Attorney, Agent or Firm: Fitzpatrick, Cella, Harper & Scinto
Claims
What is claimed is:
1. An image forming apparatus, comprising:
recording electrodes electrically isolated from each other;
recording medium movable relative to said recording electrodes;
developer supply means for supplying an electrically conductive developer
into between said recording electrodes and said recording medium;
developer removing means contactable to the recording medium to remove the
developer from said recording medium;
detecting means for detecting an amount of electricity in said removing
means; and
means for controlling a bias voltage applied to said removing means in
accordance with an output of said detecting means.
2. An apparatus according to claim 1, wherein said developer removing means
is made of electrically conductive soft material.
3. An apparatus according to claim 2, wherein said removing means is made
of an electrically conductive blade.
4. An apparatus according to claim 2, wherein said developer removing means
is made of an electrically conductive brush.
5. An apparatus according to claim 4, wherein said conductive brush is made
of carbon fibers.
6. An apparatus according to claim 1, wherein said apparatus displays an
image formed by the developer on said recording medium
7. An apparatus according to claim 1, wherein said apparatus displays an
image by the developer on said recording medium, and wherein said removing
means removes the developer from said recording medium after contribution
thereof for the display.
8. An apparatus according to claim 1, wherein said detecting means detects
triboelectric charge produced by friction between said removing means and
said recording medium.
9. An apparatus according to claim 1, wherein said detecting means includes
a circuit for detecting triboelectric charge produced by friction between
said removing means and said recording medium and a correction circuit.
10. An apparatus according to claim 9, wherein said correcting circuit
corrects a bias voltage in accordance with a speed of said recording
medium.
11. An apparatus according to claim 9, wherein said correcting circuit
corrects a bias voltage in accordance with time of use of the developer.
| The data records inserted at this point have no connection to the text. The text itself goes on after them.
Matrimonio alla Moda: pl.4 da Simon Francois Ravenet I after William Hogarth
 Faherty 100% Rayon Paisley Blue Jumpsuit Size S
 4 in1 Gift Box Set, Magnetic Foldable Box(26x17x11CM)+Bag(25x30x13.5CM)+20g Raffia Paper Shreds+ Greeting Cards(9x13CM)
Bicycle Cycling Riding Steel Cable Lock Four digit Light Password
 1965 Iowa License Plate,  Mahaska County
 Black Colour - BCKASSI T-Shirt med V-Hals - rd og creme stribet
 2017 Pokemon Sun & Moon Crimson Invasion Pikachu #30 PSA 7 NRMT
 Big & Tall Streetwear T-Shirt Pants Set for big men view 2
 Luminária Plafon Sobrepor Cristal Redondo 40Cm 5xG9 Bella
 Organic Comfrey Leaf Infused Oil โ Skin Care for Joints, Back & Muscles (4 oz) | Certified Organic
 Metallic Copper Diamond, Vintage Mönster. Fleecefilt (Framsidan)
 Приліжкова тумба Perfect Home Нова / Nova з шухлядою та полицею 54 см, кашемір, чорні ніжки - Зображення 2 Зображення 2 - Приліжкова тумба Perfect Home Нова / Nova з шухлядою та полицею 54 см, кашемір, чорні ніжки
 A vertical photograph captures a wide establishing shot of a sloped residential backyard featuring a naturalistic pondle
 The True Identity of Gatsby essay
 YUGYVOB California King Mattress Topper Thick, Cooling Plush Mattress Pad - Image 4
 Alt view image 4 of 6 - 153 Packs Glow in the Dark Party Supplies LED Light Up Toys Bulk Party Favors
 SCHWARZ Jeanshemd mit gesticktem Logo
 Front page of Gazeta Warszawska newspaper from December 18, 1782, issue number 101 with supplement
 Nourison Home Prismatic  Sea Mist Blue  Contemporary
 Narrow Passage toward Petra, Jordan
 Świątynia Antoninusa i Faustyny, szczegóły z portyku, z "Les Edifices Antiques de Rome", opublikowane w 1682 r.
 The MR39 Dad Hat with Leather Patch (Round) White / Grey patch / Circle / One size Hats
12. An image forming apparatus, comprising:
recording electrodes electrically isolated from each other;
a recording medium movable relative to said recording electrodes;
developer supply means for supplying a conductive developer into between
said recording electrodes and said recording medium;
developer removing means made of a conductive soft material and contactable
to said recording medium to remove the developer from said recording
medium;
detecting means for detecting as a quantity of electricity electric charge
produced by friction between said removing means and said recording
medium; and
control means for controlling a bias voltage applied to said removing means
in accordance with an output of said detecting means.
13. An apparatus according to claim 12, wherein said apparatus displays an
image formed by the developer on said recording medium.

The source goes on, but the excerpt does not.